(Supplied records Opens)
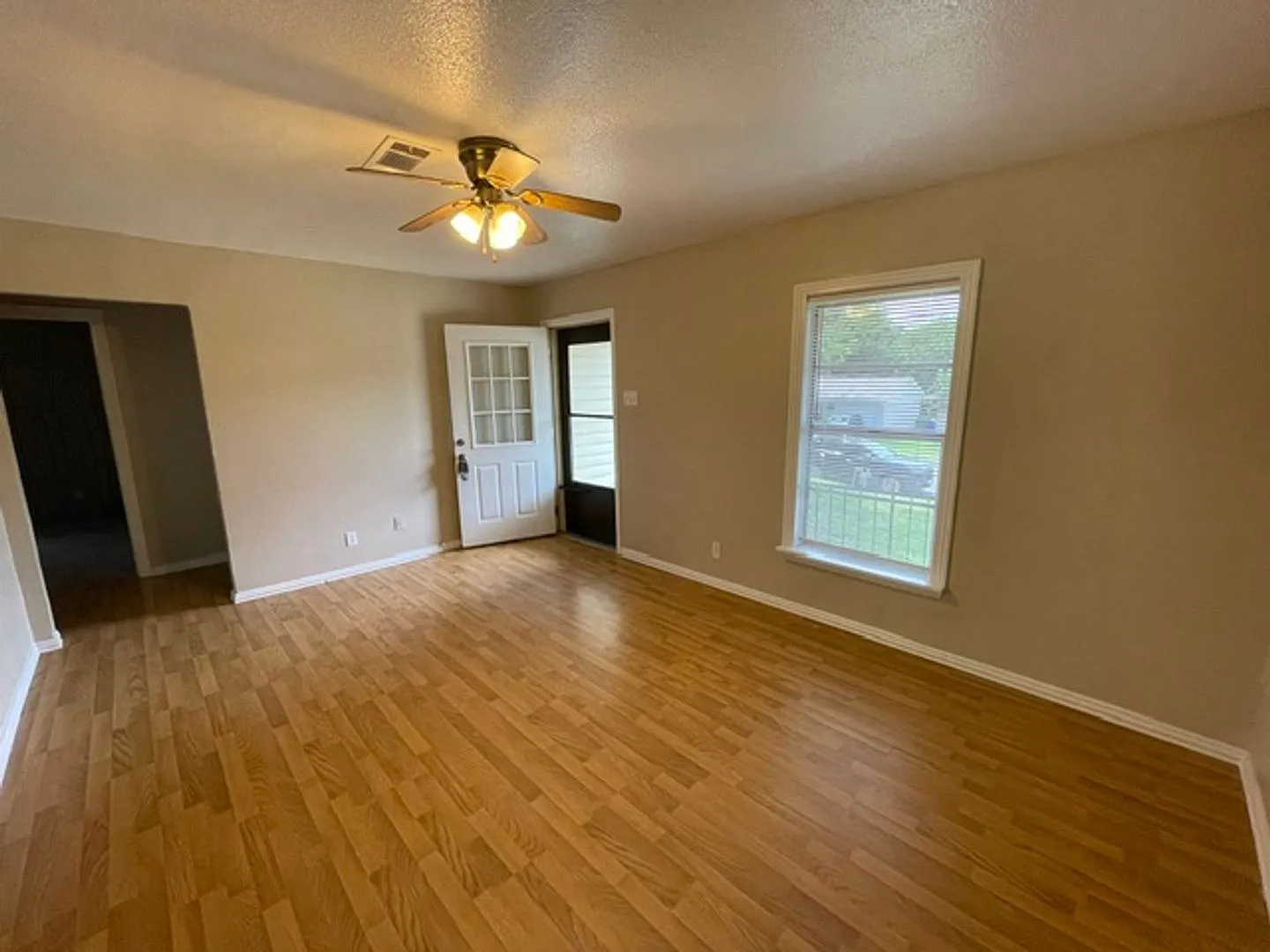 **Available Now** Charming 2 Bedroom 1 Bath Home In White Settlement — Photo 4
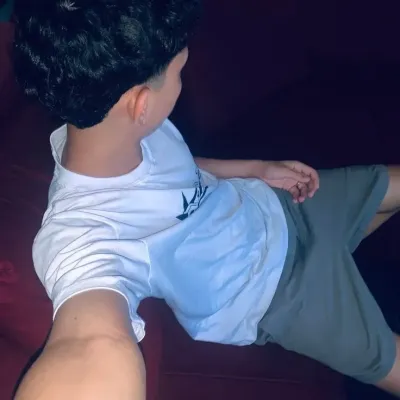 비엘: AI 박스와 채팅하세요. 챗봇 온라인을 무료로 이용할 수 있으며, AI에게 원하는 것을 무엇이든 물어보세요.	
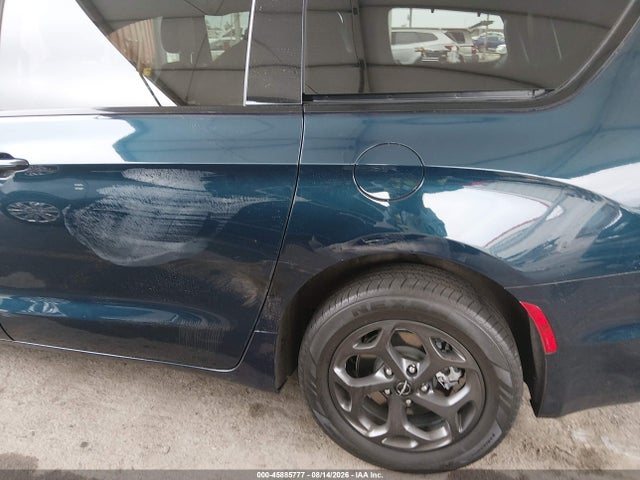 Chrysler Pacifica Hybrid Limited 2022 2C4RC1S72NR189777 Image 20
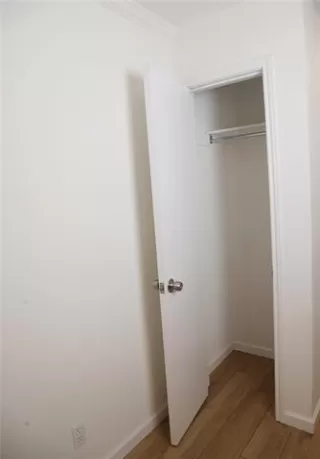 Photo #2: 20942623 Listing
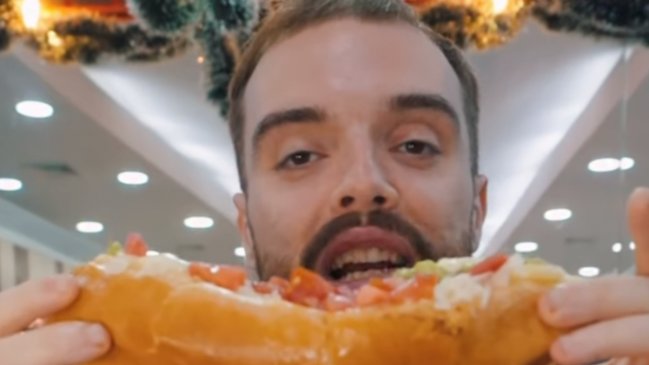 Ibai alucinó con los completos chilenos: 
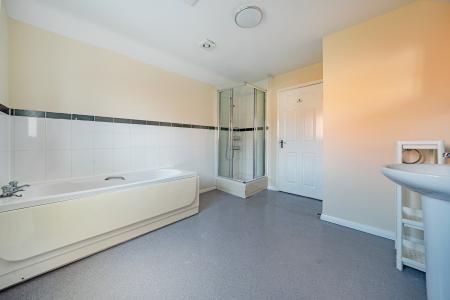 4 bedroom Detached house to let in Exley square, Lincoln, LN2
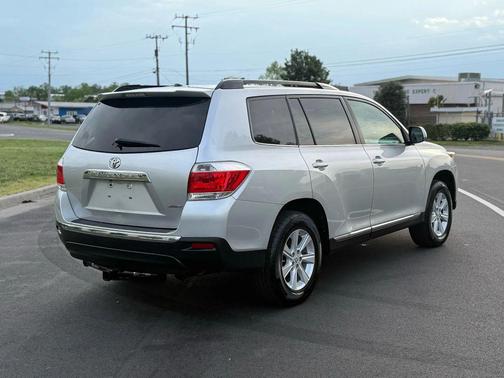 2011 Toyota Highlander SE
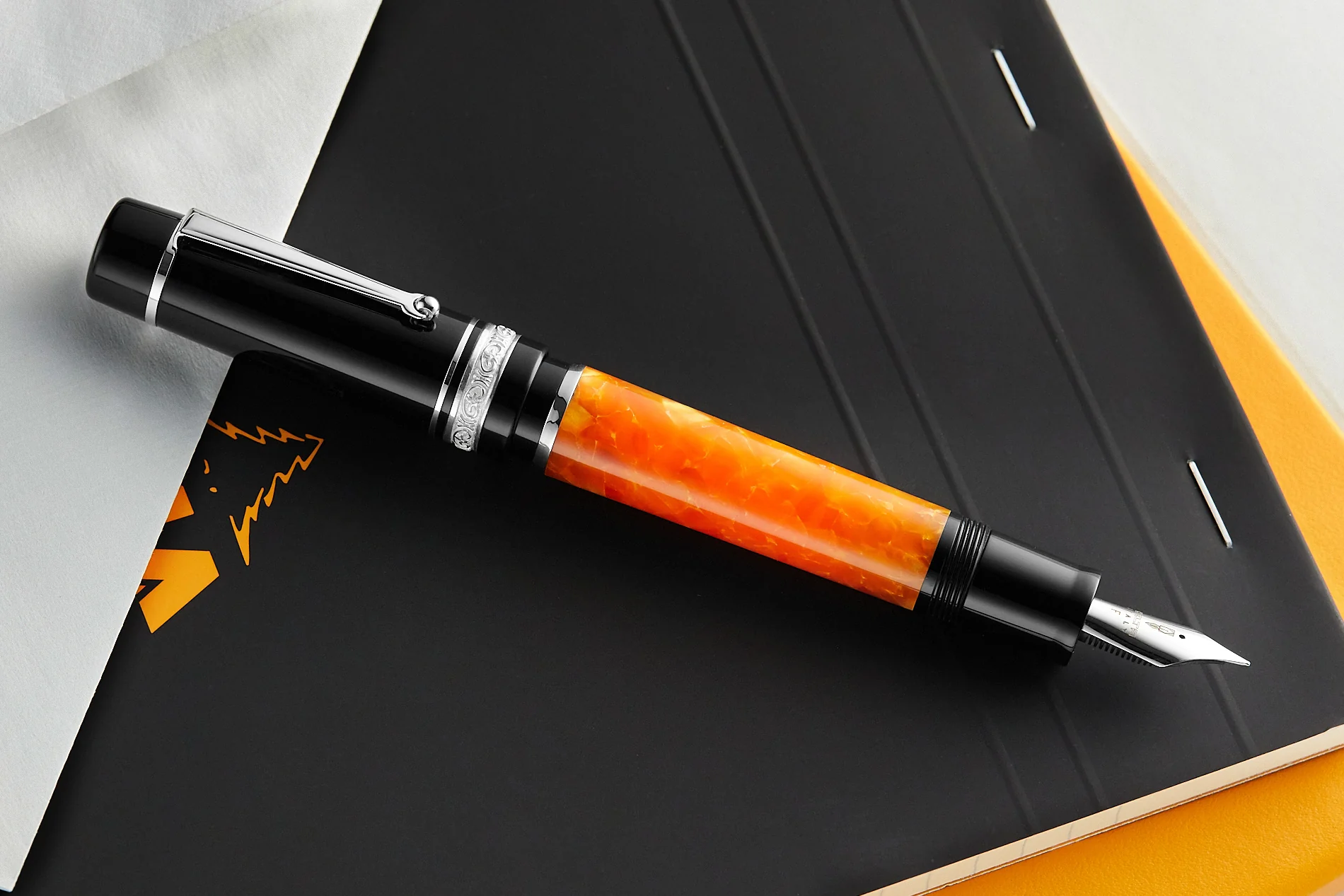 Delta DV Original Mid-Size Fountain Pen - Original - Image 8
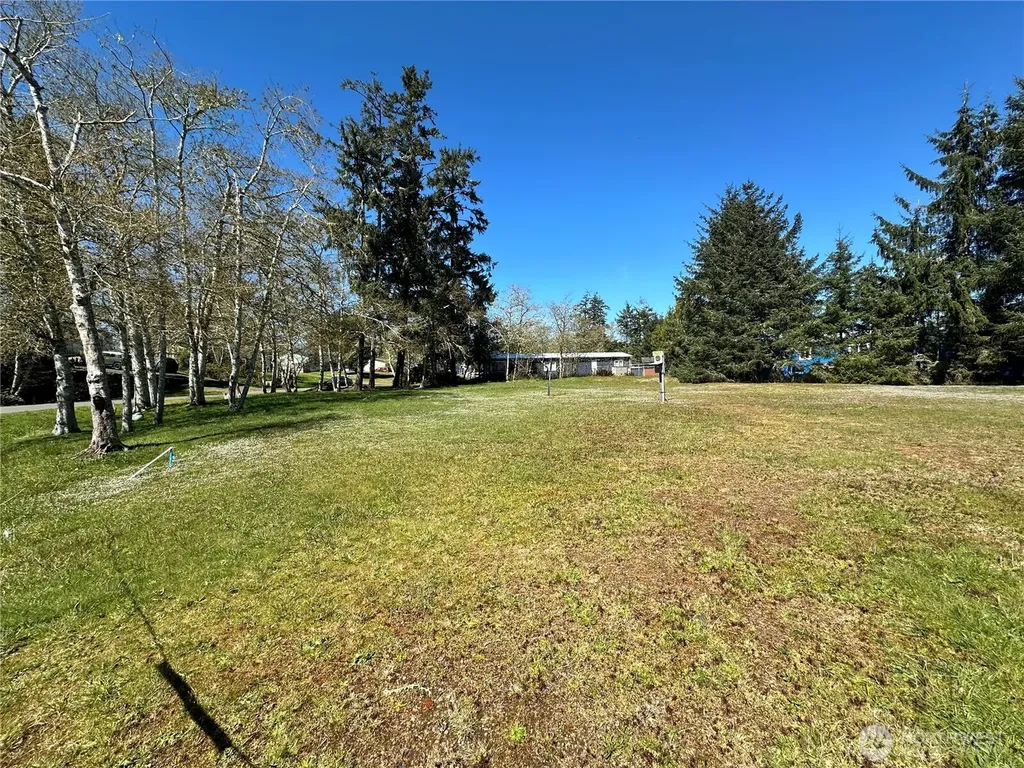 732 Edgewood Avenue NE Ocean Shores WA 98569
(Supplied records Closes)
Task brief
Reprint all the data above verbatim, excluding pictures.

Exercise solution
 **Available Now** Charming 2 Bedroom 1 Bath Home In White Settlement — Photo 4
 비엘: AI 박스와 채팅하세요. 챗봇 온라인을 무료로 이용할 수 있으며, AI에게 원하는 것을 무엇이든 물어보세요.	
 Chrysler Pacifica Hybrid Limited 2022 2C4RC1S72NR189777 Image 20
 Photo #2: 20942623 Listing
 Ibai alucinó con los completos chilenos: 
 4 bedroom Detached house to let in Exley square, Lincoln, LN2
 2011 Toyota Highlander SE
 Delta DV Original Mid-Size Fountain Pen - Original - Image 8
 732 Edgewood Avenue NE Ocean Shores WA 98569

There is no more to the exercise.